**Record set:**
Segment Open
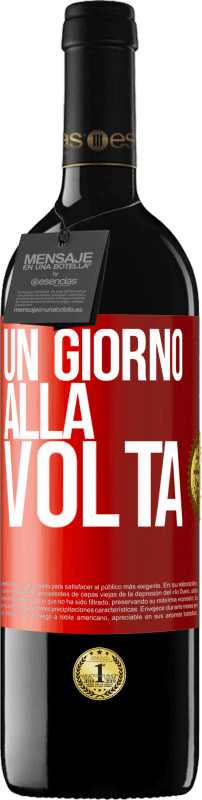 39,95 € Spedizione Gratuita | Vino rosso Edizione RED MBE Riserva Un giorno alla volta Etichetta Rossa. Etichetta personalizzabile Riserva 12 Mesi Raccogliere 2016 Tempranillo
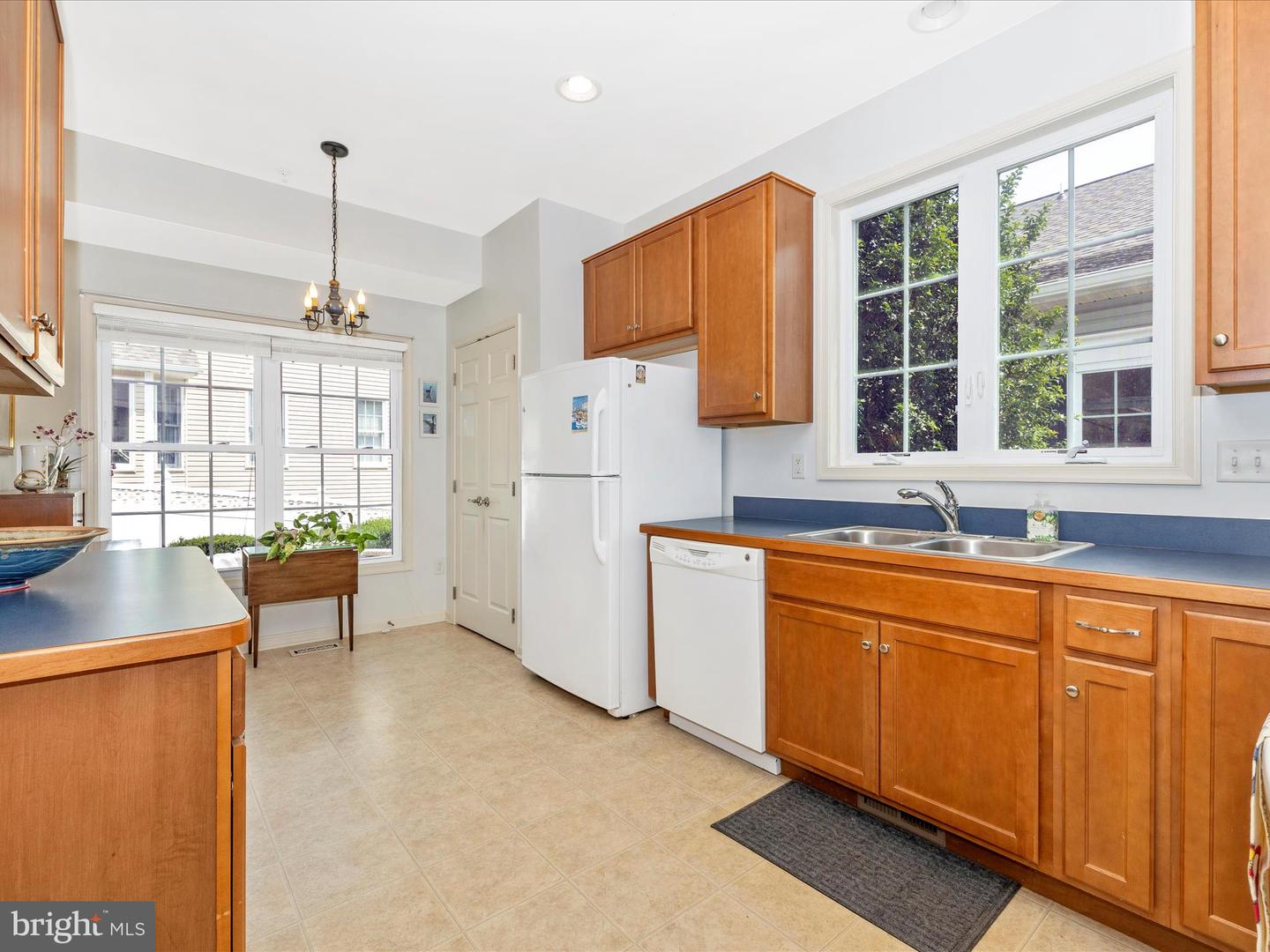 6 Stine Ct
Segment Closed
Segment Open
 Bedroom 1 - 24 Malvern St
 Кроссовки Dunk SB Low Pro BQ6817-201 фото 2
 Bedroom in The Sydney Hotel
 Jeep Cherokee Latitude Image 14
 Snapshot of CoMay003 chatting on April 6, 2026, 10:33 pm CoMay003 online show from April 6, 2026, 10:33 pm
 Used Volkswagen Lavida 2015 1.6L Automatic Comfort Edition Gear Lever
Segment Closed
**What this task involves:** Transcribe the records above exactly, beginning at the line that contains "Jeep Cherokee Latitude Image 14" and ending with the line that contains "Used Volkswagen Lavida", both included, and nothing else.

**Response box:**
 Jeep Cherokee Latitude Image 14
 Snapshot of CoMay003 chatting on April 6, 2026, 10:33 pm CoMay003 online show from April 6, 2026, 10:33 pm
 Used Volkswagen Lavida 2015 1.6L Automatic Comfort Edition Gear Lever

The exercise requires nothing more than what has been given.